Elementary School Principal/Grinch Ousted

In a rare moment of sanity, a school district in Omaha, Nebraska, placed a principal on administrative leave after she perhaps took the “separation of church and state” idea a little too seriously.

It was discovered that one Jennifer Sinclair, principal of Manchester Elementary School, issued an internal memo banning everything even remotely related to the Christmas holiday, including, of all things, candy canes, supposedly because they are in the shape of J’s (“for Jesus”), and the colors are representative of His blood and resurrection. Teachers were also banned from singing Christmas carols, putting up trees, or referring to reindeer, among other things.

Said memo, referenced below, mentions mandates from Elkhorn School District, and reminds teachers that they need to be sensitive to all religions and cultures. While the principal herself was removed from her post, it sounds like she was just following through with what she believed the district insisted upon. Whether or not she took it too far and is the only one to blame are points of contention.

Acceptable practices:
Gifts to students
Students making gift for a loved one
Snowmen, snow women, snow people, snowflakes
Gingerbread people
Holidays Around the World – purposeful presentation of information to teach about different cultures
Sledding
Hot chocolate
Polar Bears
Penguins
Scarves, boots, earmuffs, and hats
Yetis
Olaf – Frozen

Not acceptable:
Santas or Christmas items (clipart) on worksheets
Christmas trees in classrooms
Elf on the Shelf – that’s Christmas-related
Singing Christmas Carols
Playing Christmas music
Sending a Scholastic book that is a Christmas book – that’s Christmas-related
Making a Christmas ornament as a gift – This assumes that the family has a Christmas tree which assumes they celebrate Christmas. I challenge the thought of, “Well they can just hang it somewhere else.”
Candy Cane – that’s Christmas related. Historically, the shape is a “J” for Jesus. The red is for the blood of Christ, and the white is a symbol of his resurrection. This would also include different colored candy canes.
Red/Green items – traditional Christmas colors
Reindeer
Christmas videos/movies and/or characters from Christmas movies

When in doubt, ask yourself:
What is the clear instructional purpose of this?
Does this item or activity promote a certain belief or religious (sic)?

Ironically enough, in the same memo a fourth grade trip to see the Nutcracker is mentioned. I wonder if anyone told the principal that this is a Christmas-themed show?

The decision to remove Ms. Sinclair began with nonprofit group centered on Christian values and First Amendment rights, Liberty Counsel, which sent a strongly-worded letter to the district asserting that religious freedom was being infringed upon. They did not advocate for her removal; only for her compliance with what they felt was a more acceptable handling of winter holidays.

While the district policy alluded to by the principal in the full memo (both linked below) is not as harsh as the strict guidelines set forth by Ms.

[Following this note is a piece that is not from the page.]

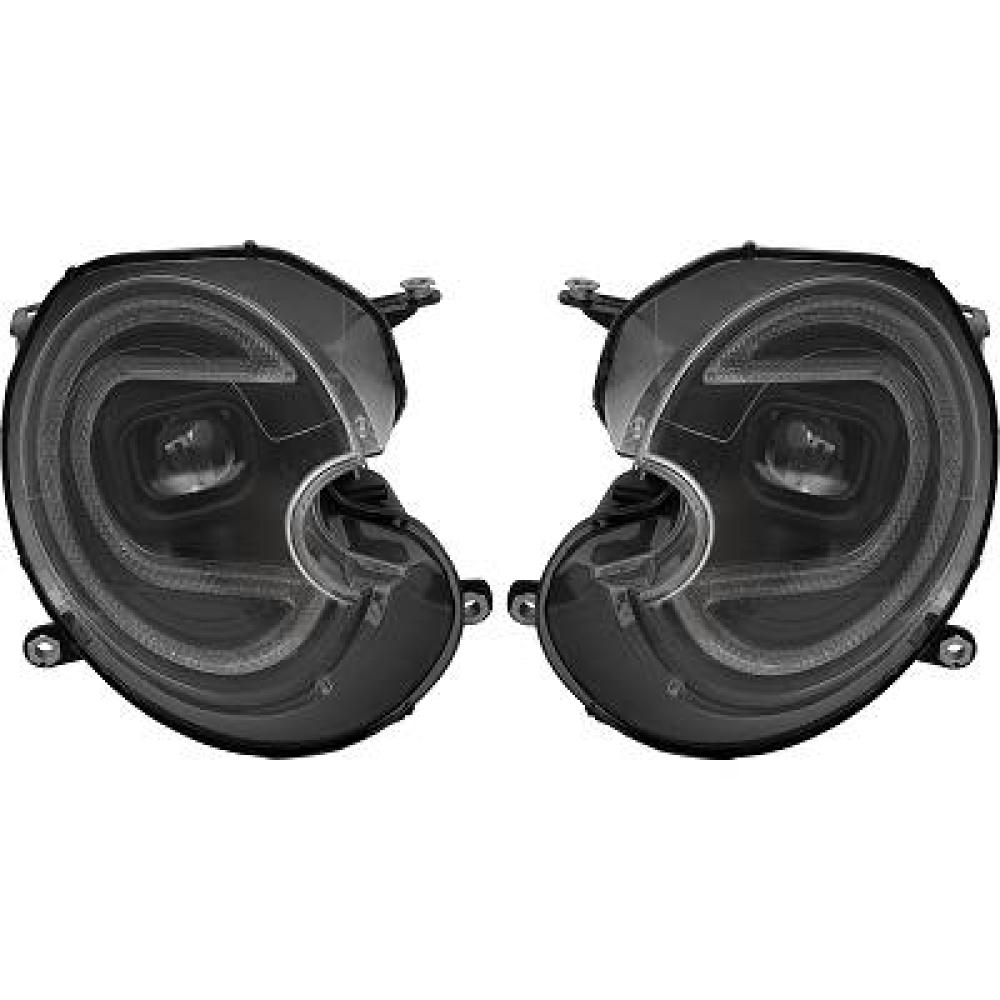 Kit de projecteurs principaux BMW Mini R55/56/57/58/59 06-16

Sinclair to her faculty, the fact that a public school is indeed a secular institution cannot be ignored. It serves to educate the broader community, and while banning Rudolph and the colors red and green may seem a bit ridiculous, government entities are well within their rights to do so, so as to cater to the community as a whole, and not just one specific group, religious or otherwise. If you truly find this unfair, you may be ready to ask yourselves: is this really the best place to educate our children? What other, more serious things are being added to or removed from the curriculum, all in the name of political correctness?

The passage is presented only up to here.